Het Engelstalige proefschrift is helder gestructureerd en uitstekend geschreven. Daarbij schuwt de auteur boeiende anekdotes niet. Ze weet ze op cruciale plaatsen in te zetten om haar theoretische argumenten te verduidelijken en te illustreren.

De auteur van de winnende dissertatie beperkte zich bij haar onderzoek niet alleen tot de theorieën die binnen het eigen vakgebied gangbaar zijn, maar maakte ook gebruik van theorieën uit andere vakgebieden. Daarnaast behandelde zij het onderwerp vanuit verschillende invalshoeken. De jury had bijzondere bewondering voor deze integrale aanpak. De gekozen theoretische invalshoeken functioneren goed voor het onderzoek. Niet alleen heeft de auteur een interessant onderwerp bij de hoorns gevat, het onderzoek is bovendien knap geconstrueerd en helder en goed onder woorden gebracht. Zowel het onderzoek zelf als de uitkomsten er van zijn relevant voor het beleid op het onderzochte terrein. De jury is dan ook eensluidend in haar oordeel om de eerste Boekman Dissertatieprijs voor kunst- en cultuurbeleid toe te kennen aan Marijke de Valck voor haar dissertatie Film festivals. From European geopolitics to global cinephilia.

Verslag uitreiking

Filmfestivals uit de schaduw van Hollywood

Marijke de Valck wint Boekman Dissertatieprijs voor haar studie naar filmfestivals. Een kort verslag van de uitreiking.

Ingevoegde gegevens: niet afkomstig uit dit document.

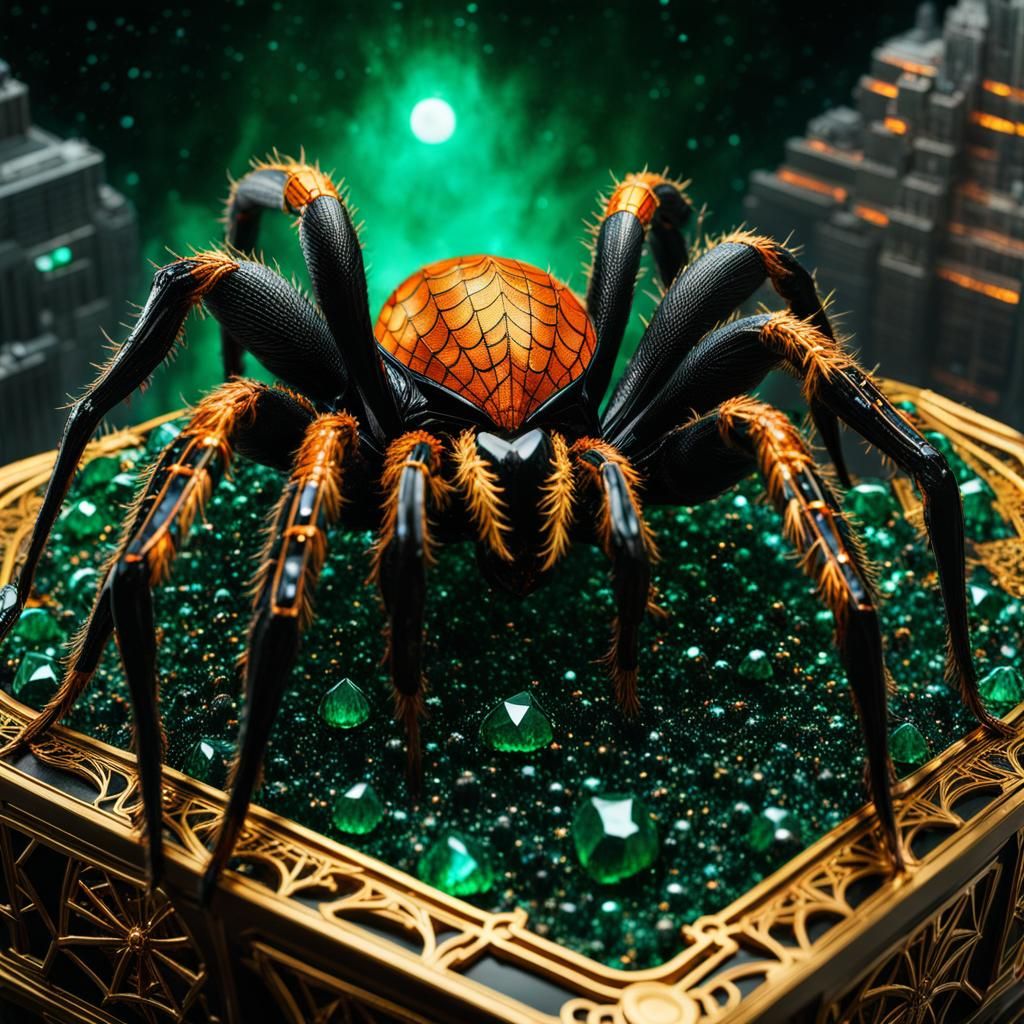 Spiderman in Black and Gold with Nebula Buildings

Op vrijdag 11 september vond de uitreiking van de eerste Boekman Dissertatieprijs voor kunst- en cultuurbeleid plaats in de bibliotheek van de Boekmanstichting. Na een kort welkomstwoord van de secretaris van de prijs, André Nuchelmans, las juryvoorzitter Gillis Dorleijn het juryrapport voor. De jury prees de meeslepende manier waarop de meeste dissertaties geschreven zijn: dit is onderzoek waar onderzoekers in geloven! Uit de 61 geselecteerde promotie-onderzoeken nomineerde de jury drie onderzoeken:

Sigrid Hemels: Door de Muze omhelsd. Een onderzoek naar de inzet van belastingsubsidies voor kunst en cultuur in Nederland . Proefschrift Universiteit Leiden, 2005.

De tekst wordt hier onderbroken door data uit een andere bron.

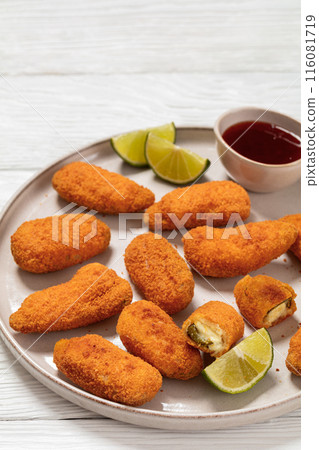 crispy baked cream cheese stuffed jalapeno poppers 116081719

Marijke de Valck: Film festivals. From European geopolitics to global cinephilia . Proefschrift Universiteit van Amsterdam, 2006.

Theo Witte: Het oog van de meester. Een onderzoek naar de literaire ontwikkeling van havo- en vwo-leerlingen in de tweede fase van het voortgezet onderwijs . Proefschrift Rijksuniversiteit Groningen, 2008.

Uit deze drie wees de jury eensluidend Marijke de Valck aan als winnares. Uit handen van Gillis Dorleijn ontving zij de cheque ter waarde van 10.000 euro en een bos bloemen. In haar reactie ging De Valck in op haar recente onderzoek naar de manier waarop de jury van de International Documentary Festival Amsterdam tot haar prijswinnaars komt en koppelde dit terug naar de Boekman Dissertatieprijs.

Sandra den Hamer, directeur Filmmuseum Amsterdam en voormalig directeur van het International Film Festival Rotterdam, sloot de middag feestelijk af met een lezing over de relevantie van de dissertatie voor het veld en het beleid. Daarnaast deed zij een aantal suggesties voor vervolgonderzoek.